Comfortable Liquidity: As of end-March 2014, Multipolar (excluding MPPA) had cash balance of around IDR2trn against IDR222bn in short-term debt. Multipolar also has no significant debt maturing until 2018 when the USD230m notes fall due. In a distressed scenario, Fitch believes Multipolar will be able to access additional liquidity by monetising its various investments. For example, Multipolar’s various investment properties are worth about IDR2trn while its shareholding at MPPA and MDS worth about USD1.4bn at 7 July 2014.
High Fixed Cost Structure: Multipolar’s strategy of renting all its property increases its fixed costs, especially considering retailers’ thin margin buffers. Fitch believes Multipolar’s growing scale and margin stability mitigate its high fixed costs. MPPA has been negotiating with landlords of its hypermarkets to switch from fixed-rate rents to rents that are tied to its turnover. This strategy has helped to cut its consolidated rent to revenue ratio to about 4% in 2013 from about 5% previously. In addition, Multipolar’s association with mall operator PT Lippo Karawaci Tbk (Lippo; BB-/Stable), which owns about 41% of Multipolar’s retail space provides critical operating synergy to both parties. Multipolar’s retail outlets to drive foot traffic to Lippo’s malls, while Lippo is able to offer Multipolar priority in retail locations.

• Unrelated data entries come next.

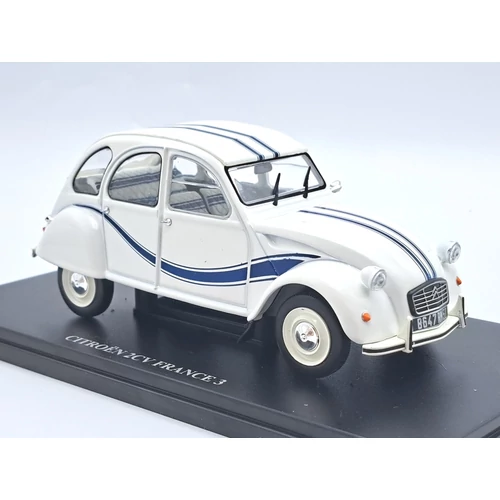 Citroen 2CV France 1983 1:24
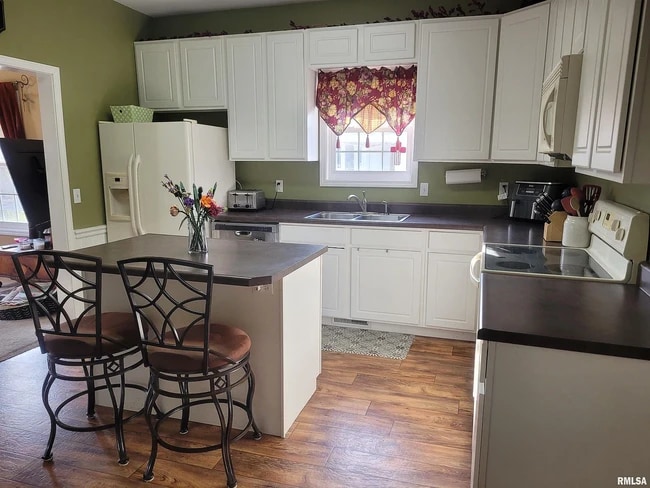 Photo - 1710 Lambert Ave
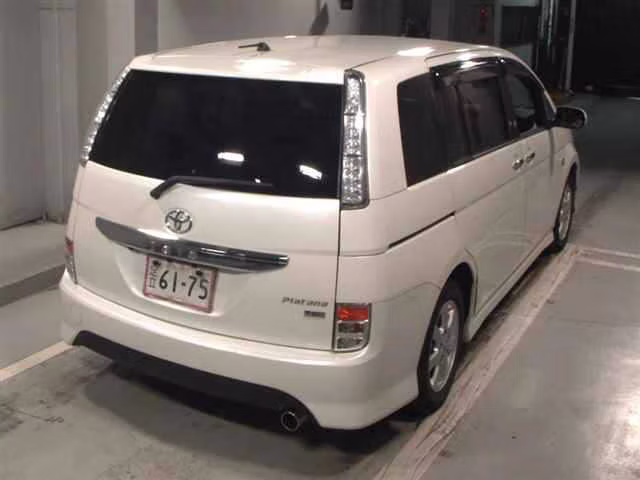 TOYOTA ISIS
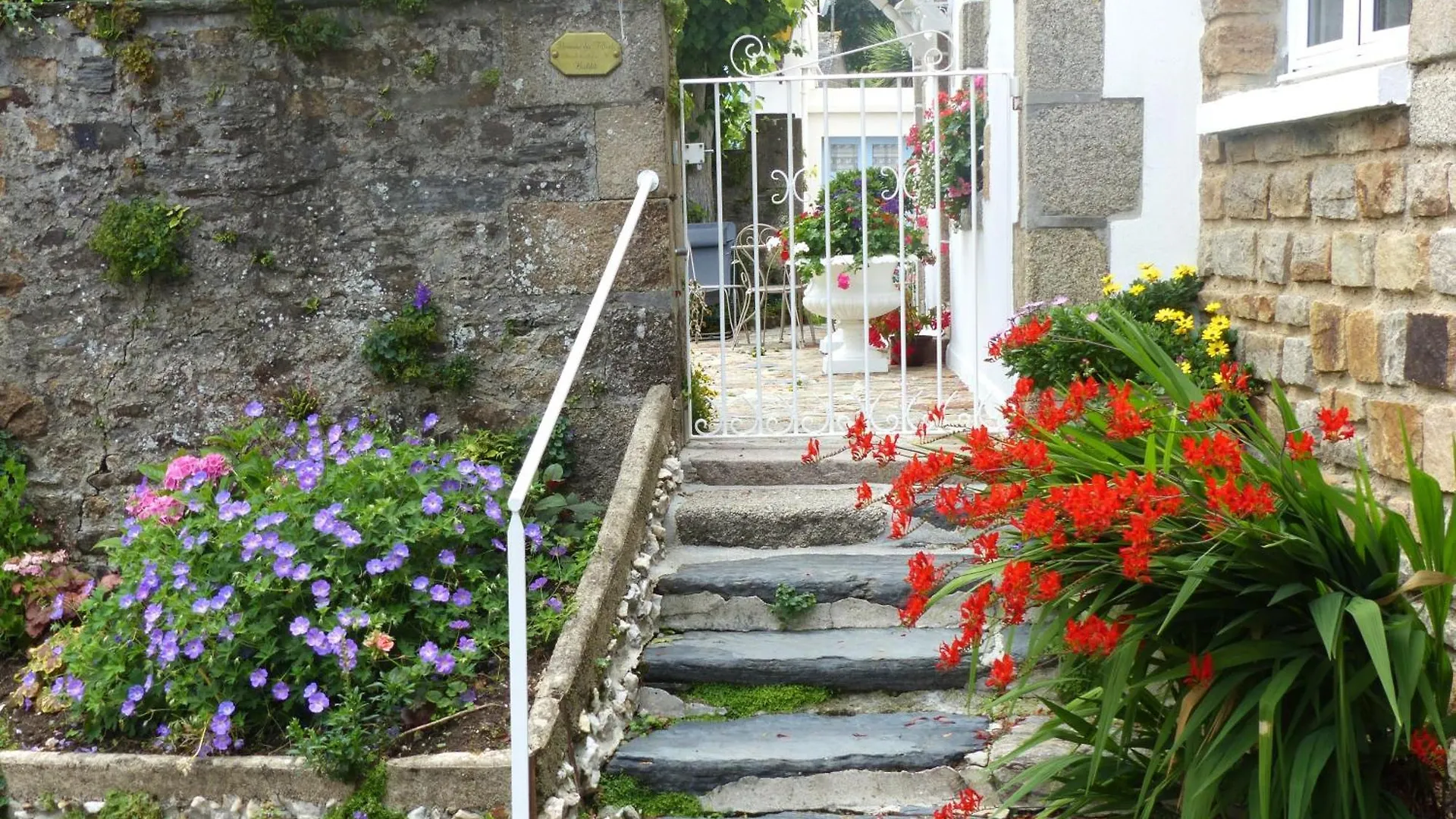 Demeure Des Tilleuls Locquenole Bed & Breakfast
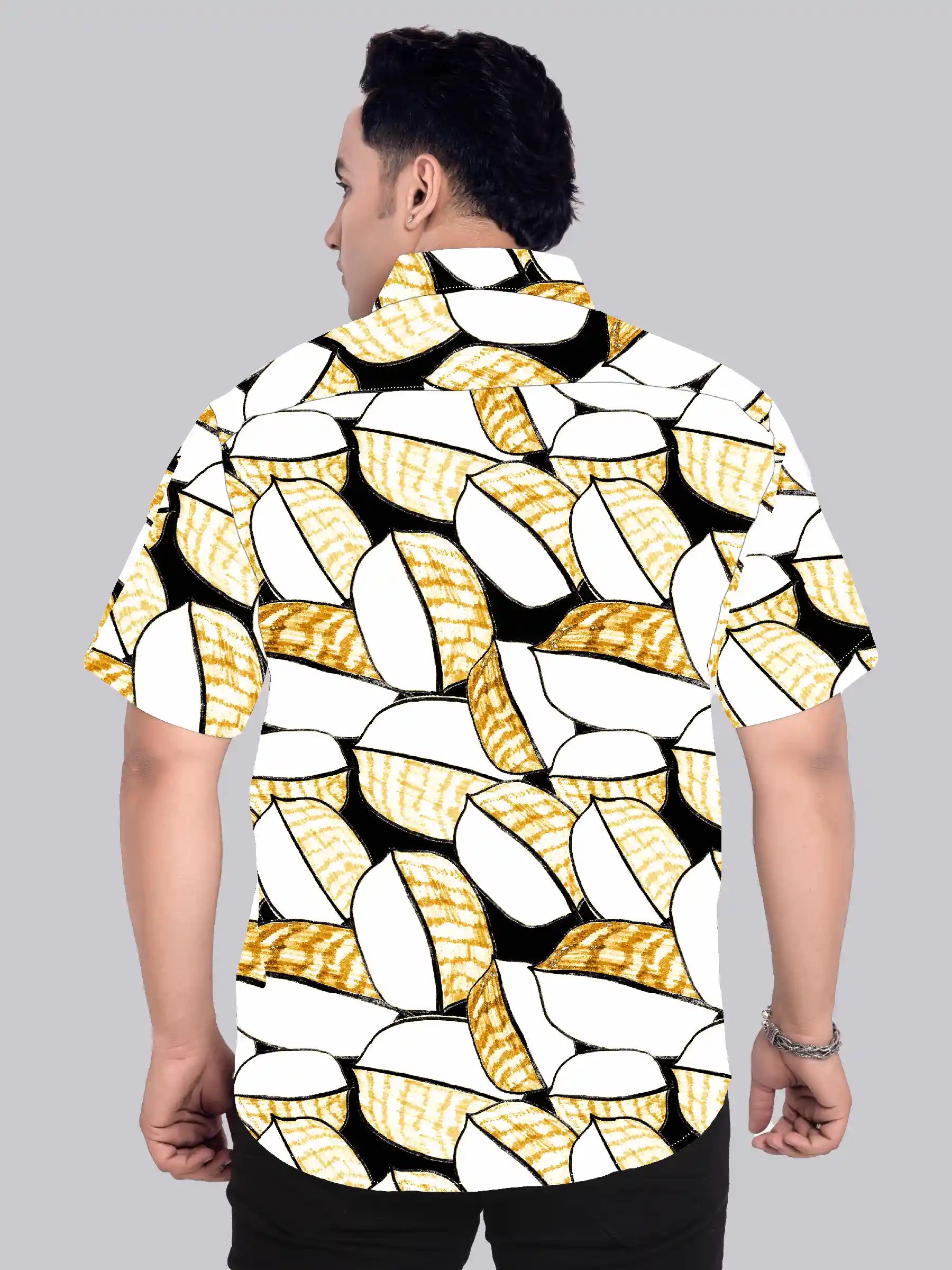 Yellow Tropical Leaves Printed Men's Plus Size Half Sleeve Shirt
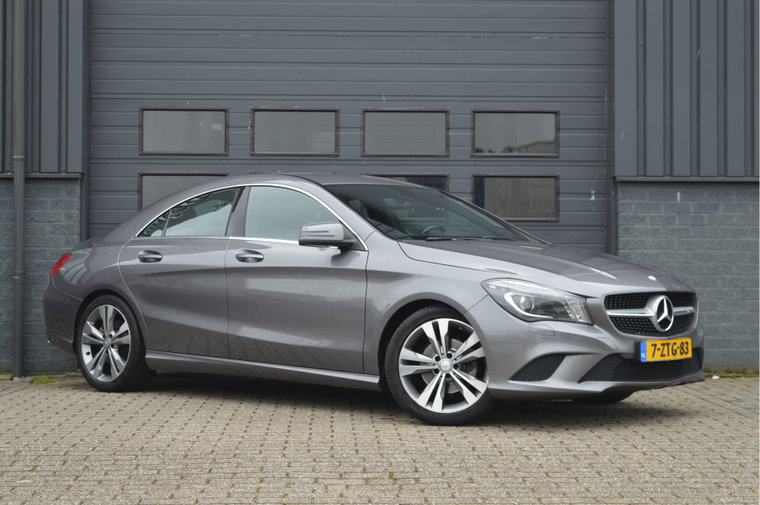 Mercedes-Benz CLA foto 1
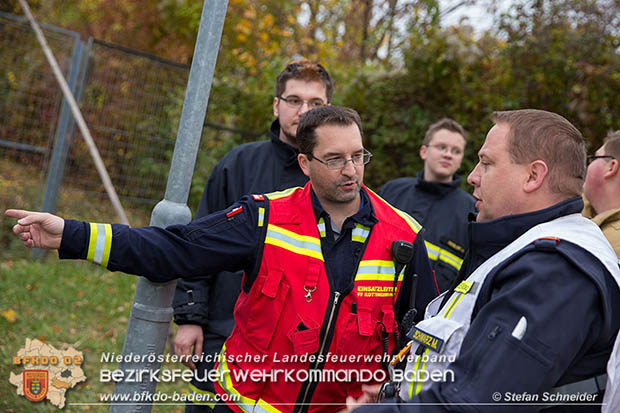 20161102 Ölfilm auf dem Gewässer des Wr.Neustädter Kanals in Kottingbrunn Foto: © Stefan Schneider 20161102 Ölfilm auf dem Gewässer des Wr.Neustädter Kanals in Kottingbrunn Foto: © Stefan Schneider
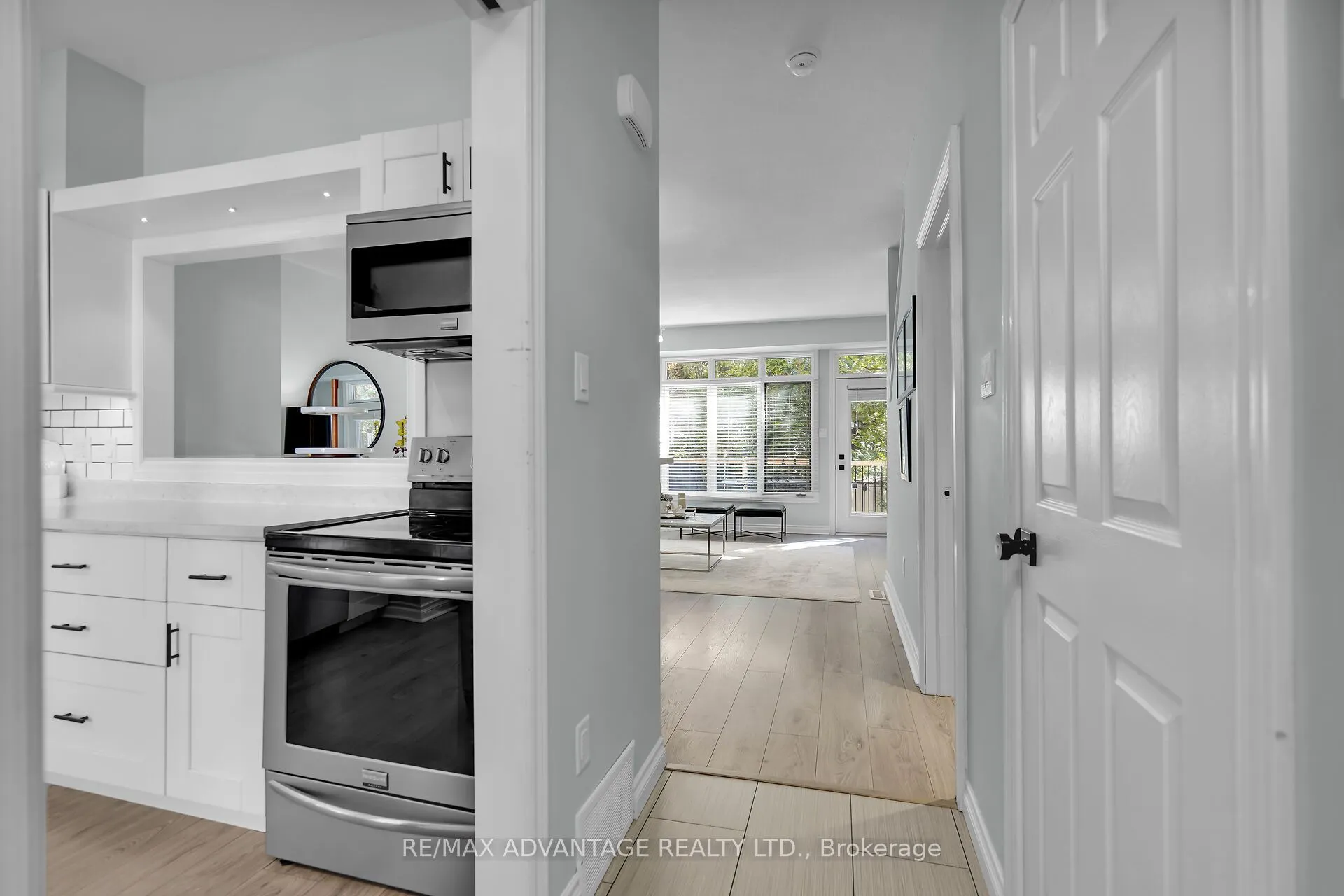 1415 Commissioners Road W, #14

Conservative Strategy in China: Delays in new store openings and underperformance of its existing stores have slowed down Multipolar’s business turnaround in China. However, the company’s Robbinz department stores in China have shown meaningful operating improvement. Although Fitch does not expect significant improvement in the Chinese business over the medium term, the risk associated with this business is mitigated because capital expenditure allocated to it is limited and management has demonstrated a conservative approach in making future investment decisions in China.
Contingent Liability to Temasek: Under the terms of an alliance agreement with Singapore’s Temasek Holdings, if MPPA fails to meet Temasek’s operating performance targets, Multipolar will have to pay Temasek any shortfall of its USD300m investment upon the latter’s exit from MPPA. However, given the current favorable retail market outlook, the risk of this liability crystallising is, in Fitch’s view, not high. As of 7 July 2014, Temasek’s 26.1% indirect shareholding at MPPA was worth about USD352m.
Robust Private Consumption: The outlook for modern retail in Indonesia remains robust, driven by the country’s large population, consumers’ increasing spending power, young demographic, and high urbanisation rate. A 40% increase in the minimum wage in the capital Jakarta in 2012 is starting to have an impact on second-tier cities where MPAA and MDS are expanding.
Negative: Future developments that may, individually or collectively, lead to negative rating action include:
- Decline in FCC to below 2x on a sustained basis. This may result from lower-than-expected dividends or significant deterioration in the performance of non-core businesses.
Positive rating action is not anticipated over the medium term unless there is significant turnaround in its other businesses that materially strengthens Multipolar’s FCC on a sustained basis. This is due to Multipolar’s structural subordination and its high fixed-cost structure.